There's no end. It's just an endless process of cutting through all afflictions, but using affliction to cut through affliction. What do you call it? Valuing affliction as a way to show the freedom from affliction. Valuing it for its opportunity to be liberated and to help people by the process of liberation. So I see you, Kika, but let me ... Yes, Jeff. I was just going to say or ask, I heard you say, I really appreciated the way you talked about it, is it an ocean, the ocean mind samadhi seal? Yeah, that's another one. The ocean, it's the ocean seal samadhi. You talk about how it's sealed. The sealing is how it's sealed. How it's sealed with the other aspect,


or sealed with ... Yeah. I think you just explained it right there, how it's cut through, it can be sealed with ... that description you just gave. Yeah, cut through by intimacy. Cut through delusions by intimacy with them. Intimacy cuts through. But also, in that fascicle, Dogen says, in this samadhi, it's called the ocean seal samadhi, in that samadhi, you swim on the surface at the same time you walk on the bottom. So the seal is sealing our superficial practice, our individual effort, with the bottom of the ocean of the samadhi. It isn't that we just go down in the ocean, we keep swimming on the surface, and those two are not separate. The bottom is the non-separation of the surface and the bottom. Kika?

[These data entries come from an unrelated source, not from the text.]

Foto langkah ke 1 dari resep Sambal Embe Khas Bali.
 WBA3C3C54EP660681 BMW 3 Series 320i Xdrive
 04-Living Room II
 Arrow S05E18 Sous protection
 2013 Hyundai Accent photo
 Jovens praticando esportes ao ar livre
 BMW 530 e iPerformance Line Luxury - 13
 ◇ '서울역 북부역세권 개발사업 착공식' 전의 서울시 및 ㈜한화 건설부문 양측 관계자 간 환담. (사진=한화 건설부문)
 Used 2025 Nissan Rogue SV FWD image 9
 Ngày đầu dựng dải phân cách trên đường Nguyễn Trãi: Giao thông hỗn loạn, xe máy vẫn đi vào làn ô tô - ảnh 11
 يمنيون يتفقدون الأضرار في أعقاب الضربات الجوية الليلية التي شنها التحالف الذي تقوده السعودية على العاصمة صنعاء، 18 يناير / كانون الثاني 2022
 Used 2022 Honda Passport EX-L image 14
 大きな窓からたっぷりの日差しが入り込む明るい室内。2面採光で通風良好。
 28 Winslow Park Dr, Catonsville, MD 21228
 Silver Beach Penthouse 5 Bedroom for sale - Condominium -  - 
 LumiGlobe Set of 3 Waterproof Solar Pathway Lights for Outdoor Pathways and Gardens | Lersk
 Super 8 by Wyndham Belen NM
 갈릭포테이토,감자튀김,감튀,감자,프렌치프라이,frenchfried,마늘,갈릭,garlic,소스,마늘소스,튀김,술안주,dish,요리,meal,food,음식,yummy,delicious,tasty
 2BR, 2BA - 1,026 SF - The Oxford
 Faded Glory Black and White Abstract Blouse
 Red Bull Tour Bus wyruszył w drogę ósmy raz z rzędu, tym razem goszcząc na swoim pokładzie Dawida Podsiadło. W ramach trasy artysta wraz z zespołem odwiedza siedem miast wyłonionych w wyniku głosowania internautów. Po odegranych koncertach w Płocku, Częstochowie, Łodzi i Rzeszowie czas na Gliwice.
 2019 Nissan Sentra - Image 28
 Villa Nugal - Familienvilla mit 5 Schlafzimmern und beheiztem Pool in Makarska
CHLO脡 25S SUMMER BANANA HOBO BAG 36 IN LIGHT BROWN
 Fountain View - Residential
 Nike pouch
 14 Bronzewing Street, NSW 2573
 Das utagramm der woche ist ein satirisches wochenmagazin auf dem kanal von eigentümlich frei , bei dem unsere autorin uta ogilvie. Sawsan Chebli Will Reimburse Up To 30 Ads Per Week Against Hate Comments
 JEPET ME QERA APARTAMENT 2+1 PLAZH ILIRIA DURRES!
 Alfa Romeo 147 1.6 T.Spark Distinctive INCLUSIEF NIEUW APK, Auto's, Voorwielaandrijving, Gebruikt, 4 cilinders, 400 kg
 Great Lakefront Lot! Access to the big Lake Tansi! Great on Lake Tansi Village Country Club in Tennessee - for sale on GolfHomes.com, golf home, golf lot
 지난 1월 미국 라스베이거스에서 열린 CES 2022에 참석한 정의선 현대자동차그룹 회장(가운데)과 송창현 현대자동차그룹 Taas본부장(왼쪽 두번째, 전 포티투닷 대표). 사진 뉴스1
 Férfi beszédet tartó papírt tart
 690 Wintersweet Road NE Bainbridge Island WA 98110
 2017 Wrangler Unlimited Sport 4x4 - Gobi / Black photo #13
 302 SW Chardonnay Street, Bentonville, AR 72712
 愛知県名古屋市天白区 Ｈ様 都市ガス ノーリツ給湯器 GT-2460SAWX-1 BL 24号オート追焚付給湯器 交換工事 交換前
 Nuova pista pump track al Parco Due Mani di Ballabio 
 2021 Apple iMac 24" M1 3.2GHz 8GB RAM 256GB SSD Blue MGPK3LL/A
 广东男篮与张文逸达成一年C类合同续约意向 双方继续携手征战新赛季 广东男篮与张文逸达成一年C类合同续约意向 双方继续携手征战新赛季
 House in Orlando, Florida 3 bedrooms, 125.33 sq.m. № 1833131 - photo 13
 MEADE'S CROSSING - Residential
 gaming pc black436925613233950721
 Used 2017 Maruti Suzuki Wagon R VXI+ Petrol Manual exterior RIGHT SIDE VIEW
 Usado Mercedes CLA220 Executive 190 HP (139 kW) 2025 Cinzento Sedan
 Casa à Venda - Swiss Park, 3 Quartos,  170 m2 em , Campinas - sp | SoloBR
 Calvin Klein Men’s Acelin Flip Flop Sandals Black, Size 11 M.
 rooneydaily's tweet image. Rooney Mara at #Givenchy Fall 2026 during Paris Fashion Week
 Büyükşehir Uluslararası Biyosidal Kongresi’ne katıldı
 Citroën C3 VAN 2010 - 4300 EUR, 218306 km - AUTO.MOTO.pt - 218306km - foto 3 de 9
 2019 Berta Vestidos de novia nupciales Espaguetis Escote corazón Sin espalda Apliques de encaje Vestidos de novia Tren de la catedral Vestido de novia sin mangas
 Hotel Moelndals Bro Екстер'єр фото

You know, just as a long-time gardener responding to Patty's inquiry, cutting is taking care, is being intimate, pruning stimulates growth. And that's what ... There's that side of it too, yeah. It's not an exact analogy, but ... That cutting is a way to encourage growth? Yeah, and cutting to encourage growth, the cutting is coming because of your devotion to what's being cut. The people who are cutting just to get rid of, that's a different type of practice. We cut to help, to promote growth. So the devoted ones should be the pruners. The people who are not devoted should not be the pruners. We want compassionate pruners.


Okay, well, thank you so much. Maybe that's enough. I'm getting really hot. It's before you just end. Yes? I have this sort of eagerness to mention a song that I thought you might like. Yes. It expresses the token idea. Okay, let's hear it. Does anybody know that Reynolds' Love Is Something You Can't Get Away With? Yeah. Would you like to join in? Okay. It's the token idea. Yeah. Love is something if you give it away, give it away, give it away. Love is something if you give it away, you end up having more. It's just like a magic penny. Hold it tight and you won't have any. Lend it, spend it, oh so many.


Roll it all over the floor. Love is something if you give it away, you end up having more. Now, I realize that desiring to have more might be a flaw. But basically the coin, I thought. Yeah, I agree. Thank you so much.